→ **EXERCISE INSTRUCTIONS**
For the listing that follows, give again exactly the lines from the one with "Wunderschöne Winchester 1892" to the one with "La plantilla del", including both.
________________
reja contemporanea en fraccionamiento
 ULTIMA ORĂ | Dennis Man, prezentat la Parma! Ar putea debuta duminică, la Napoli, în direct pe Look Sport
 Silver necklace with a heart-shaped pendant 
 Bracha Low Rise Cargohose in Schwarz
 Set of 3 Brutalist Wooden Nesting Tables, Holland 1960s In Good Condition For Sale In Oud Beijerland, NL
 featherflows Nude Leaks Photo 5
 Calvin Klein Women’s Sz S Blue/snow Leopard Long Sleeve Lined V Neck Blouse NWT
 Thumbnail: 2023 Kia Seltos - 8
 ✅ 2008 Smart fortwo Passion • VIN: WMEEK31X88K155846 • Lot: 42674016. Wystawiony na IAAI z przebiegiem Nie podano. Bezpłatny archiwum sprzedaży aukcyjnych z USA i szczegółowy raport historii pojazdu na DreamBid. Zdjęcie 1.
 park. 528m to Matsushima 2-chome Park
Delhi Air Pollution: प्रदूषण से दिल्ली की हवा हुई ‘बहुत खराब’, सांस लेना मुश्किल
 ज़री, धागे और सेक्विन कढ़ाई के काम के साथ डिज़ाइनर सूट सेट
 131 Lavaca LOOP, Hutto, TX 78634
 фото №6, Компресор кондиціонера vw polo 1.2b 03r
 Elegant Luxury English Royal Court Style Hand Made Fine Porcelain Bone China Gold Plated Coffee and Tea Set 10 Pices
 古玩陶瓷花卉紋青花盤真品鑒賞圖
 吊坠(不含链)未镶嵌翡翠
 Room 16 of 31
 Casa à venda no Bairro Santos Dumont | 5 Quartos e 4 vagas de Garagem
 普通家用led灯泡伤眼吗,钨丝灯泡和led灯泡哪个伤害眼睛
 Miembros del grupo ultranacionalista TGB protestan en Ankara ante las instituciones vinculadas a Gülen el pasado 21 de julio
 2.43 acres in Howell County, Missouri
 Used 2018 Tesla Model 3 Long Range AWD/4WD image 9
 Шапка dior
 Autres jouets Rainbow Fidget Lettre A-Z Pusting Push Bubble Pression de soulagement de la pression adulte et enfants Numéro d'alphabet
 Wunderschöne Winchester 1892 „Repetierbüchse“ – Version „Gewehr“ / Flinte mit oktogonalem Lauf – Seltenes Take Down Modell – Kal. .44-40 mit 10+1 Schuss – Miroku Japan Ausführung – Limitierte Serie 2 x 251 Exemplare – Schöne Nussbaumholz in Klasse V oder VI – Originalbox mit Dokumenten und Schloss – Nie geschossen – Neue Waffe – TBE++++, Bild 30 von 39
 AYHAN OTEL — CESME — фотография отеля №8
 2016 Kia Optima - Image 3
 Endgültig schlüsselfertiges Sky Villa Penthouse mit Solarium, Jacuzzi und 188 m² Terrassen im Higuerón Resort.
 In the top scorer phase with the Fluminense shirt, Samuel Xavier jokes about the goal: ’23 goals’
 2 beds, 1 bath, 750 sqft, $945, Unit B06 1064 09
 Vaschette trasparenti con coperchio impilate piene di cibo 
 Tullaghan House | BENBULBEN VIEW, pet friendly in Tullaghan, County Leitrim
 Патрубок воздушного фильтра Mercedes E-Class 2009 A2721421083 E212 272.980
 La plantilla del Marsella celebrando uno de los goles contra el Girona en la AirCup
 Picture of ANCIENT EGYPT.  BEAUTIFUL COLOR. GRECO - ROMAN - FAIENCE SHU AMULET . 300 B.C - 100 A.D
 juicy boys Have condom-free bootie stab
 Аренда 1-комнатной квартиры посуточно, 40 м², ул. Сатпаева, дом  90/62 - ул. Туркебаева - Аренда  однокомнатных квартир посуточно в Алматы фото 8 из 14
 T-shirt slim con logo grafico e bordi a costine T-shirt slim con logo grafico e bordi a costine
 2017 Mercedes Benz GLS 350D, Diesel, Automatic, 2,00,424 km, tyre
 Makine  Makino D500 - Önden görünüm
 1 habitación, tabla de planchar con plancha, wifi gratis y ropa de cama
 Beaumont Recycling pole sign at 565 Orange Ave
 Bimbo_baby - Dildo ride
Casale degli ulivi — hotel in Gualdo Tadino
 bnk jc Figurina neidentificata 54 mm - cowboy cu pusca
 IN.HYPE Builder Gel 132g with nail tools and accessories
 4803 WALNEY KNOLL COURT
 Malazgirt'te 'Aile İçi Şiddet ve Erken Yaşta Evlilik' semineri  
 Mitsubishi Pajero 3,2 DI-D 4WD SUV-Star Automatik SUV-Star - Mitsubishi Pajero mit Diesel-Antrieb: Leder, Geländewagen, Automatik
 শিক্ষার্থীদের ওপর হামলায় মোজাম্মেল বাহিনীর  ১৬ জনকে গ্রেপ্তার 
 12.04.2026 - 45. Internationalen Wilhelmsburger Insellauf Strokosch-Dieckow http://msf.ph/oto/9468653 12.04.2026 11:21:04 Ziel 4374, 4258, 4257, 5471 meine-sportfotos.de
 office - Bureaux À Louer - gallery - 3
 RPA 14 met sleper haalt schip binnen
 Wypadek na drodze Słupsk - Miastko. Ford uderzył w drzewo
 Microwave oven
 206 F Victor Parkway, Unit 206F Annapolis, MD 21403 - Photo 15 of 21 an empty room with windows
________________
→ **EXERCISE RESULT**
 Wunderschöne Winchester 1892 „Repetierbüchse“ – Version „Gewehr“ / Flinte mit oktogonalem Lauf – Seltenes Take Down Modell – Kal. .44-40 mit 10+1 Schuss – Miroku Japan Ausführung – Limitierte Serie 2 x 251 Exemplare – Schöne Nussbaumholz in Klasse V oder VI – Originalbox mit Dokumenten und Schloss – Nie geschossen – Neue Waffe – TBE++++, Bild 30 von 39
 AYHAN OTEL — CESME — фотография отеля №8
 2016 Kia Optima - Image 3
 Endgültig schlüsselfertiges Sky Villa Penthouse mit Solarium, Jacuzzi und 188 m² Terrassen im Higuerón Resort.
 In the top scorer phase with the Fluminense shirt, Samuel Xavier jokes about the goal: ’23 goals’
 2 beds, 1 bath, 750 sqft, $945, Unit B06 1064 09
 Vaschette trasparenti con coperchio impilate piene di cibo 
 Tullaghan House | BENBULBEN VIEW, pet friendly in Tullaghan, County Leitrim
 Патрубок воздушного фильтра Mercedes E-Class 2009 A2721421083 E212 272.980
 La plantilla del Marsella celebrando uno de los goles contra el Girona en la AirCup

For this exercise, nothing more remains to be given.